------ Material supplied

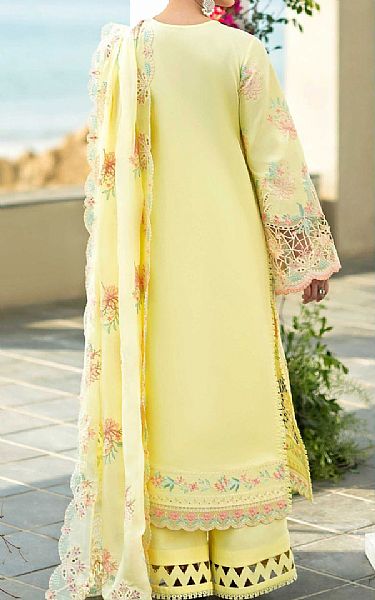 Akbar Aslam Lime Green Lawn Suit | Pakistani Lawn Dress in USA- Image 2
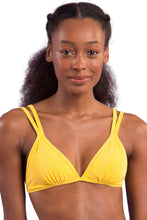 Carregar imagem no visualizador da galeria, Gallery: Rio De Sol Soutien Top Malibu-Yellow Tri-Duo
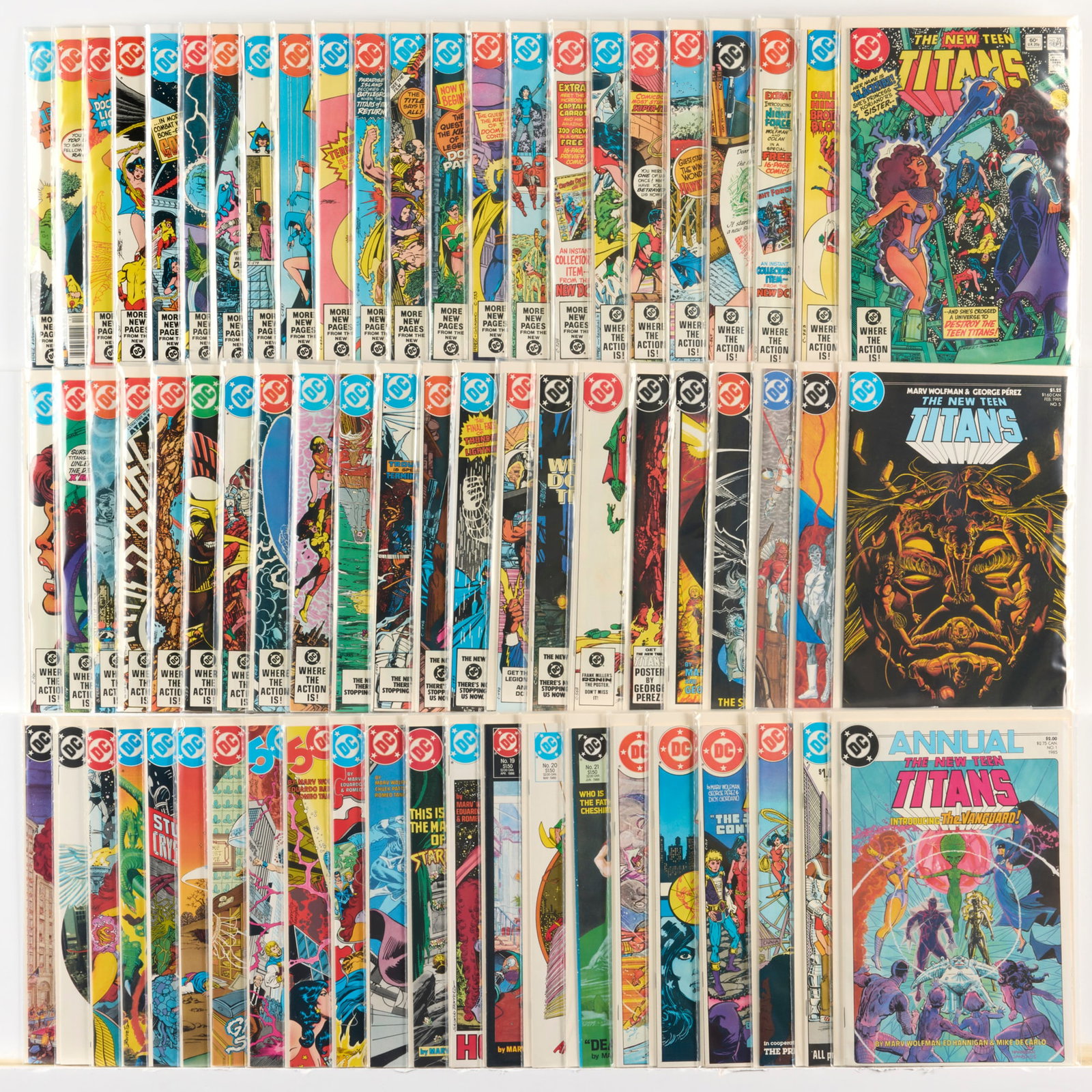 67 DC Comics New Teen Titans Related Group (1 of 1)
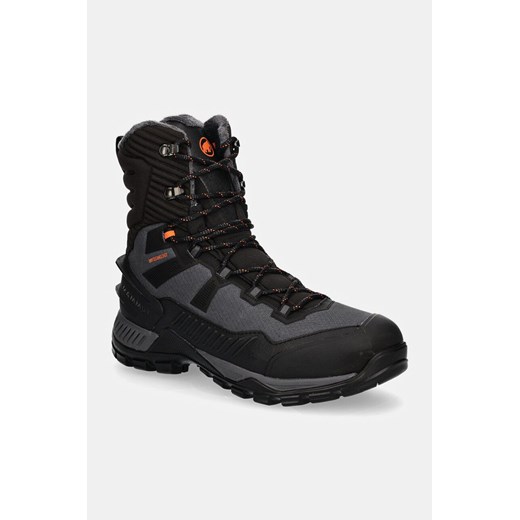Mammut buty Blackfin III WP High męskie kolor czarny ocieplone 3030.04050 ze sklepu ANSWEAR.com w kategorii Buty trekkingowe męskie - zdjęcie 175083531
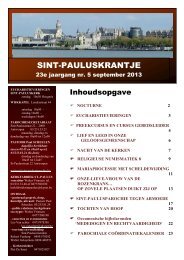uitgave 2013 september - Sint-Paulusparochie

------------
------ Material supplied

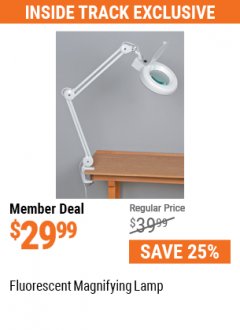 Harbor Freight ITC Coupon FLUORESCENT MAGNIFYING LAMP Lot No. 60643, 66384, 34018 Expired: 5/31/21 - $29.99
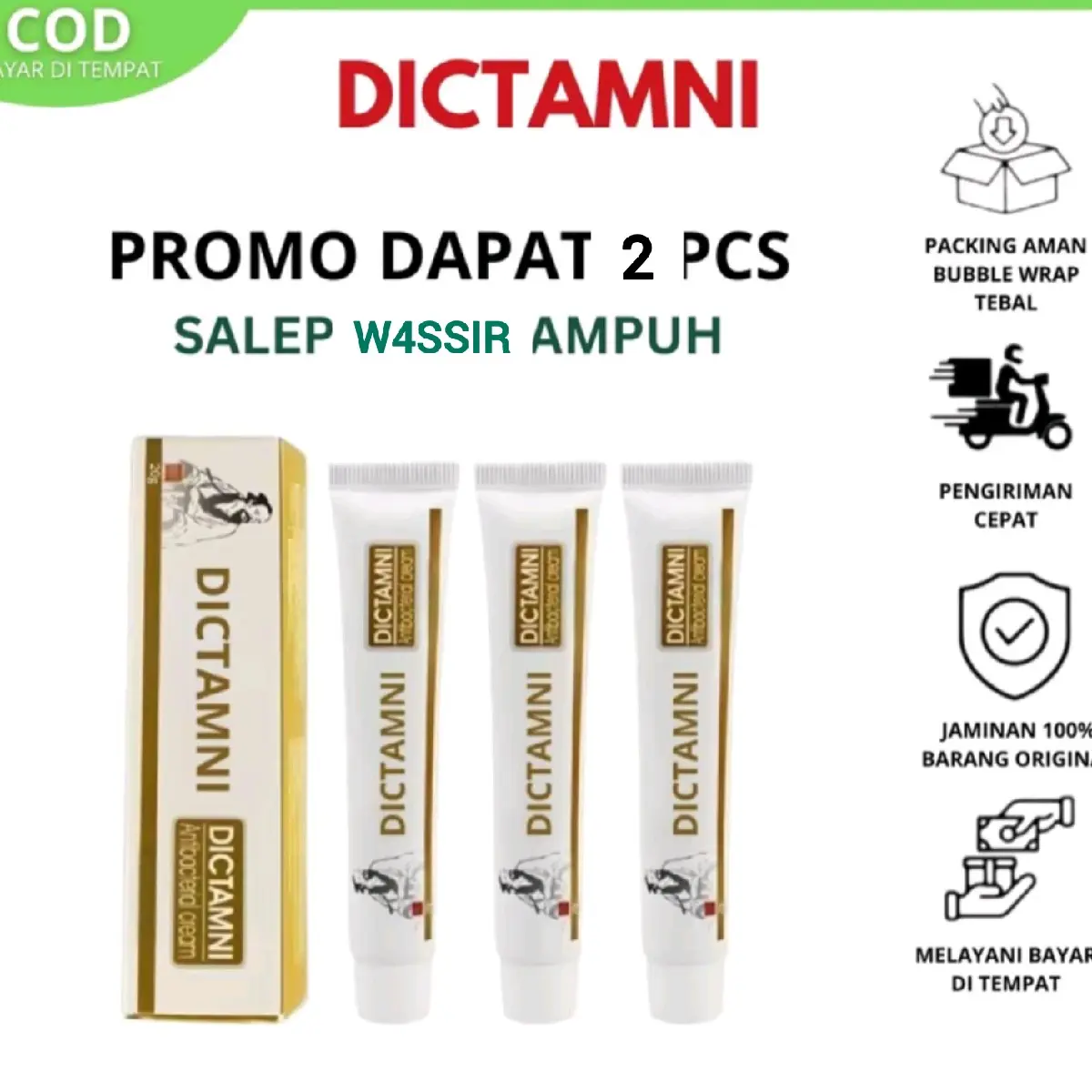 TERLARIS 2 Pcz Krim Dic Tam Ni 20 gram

------------

__Action item__
Look above for the line with "Akbar Aslam Lime", then print it and each line after it down to and including the line with "uitgave 2013 september - Sint-Paulusparochie". Leave out the pictures and keep the wording exact.

__Solution to this problem__
 Akbar Aslam Lime Green Lawn Suit | Pakistani Lawn Dress in USA- Image 2
 Carregar imagem no visualizador da galeria, Gallery: Rio De Sol Soutien Top Malibu-Yellow Tri-Duo
 67 DC Comics New Teen Titans Related Group (1 of 1)
Mammut buty Blackfin III WP High męskie kolor czarny ocieplone 3030.04050 ze sklepu ANSWEAR.com w kategorii Buty trekkingowe męskie - zdjęcie 175083531
uitgave 2013 september - Sint-Paulusparochie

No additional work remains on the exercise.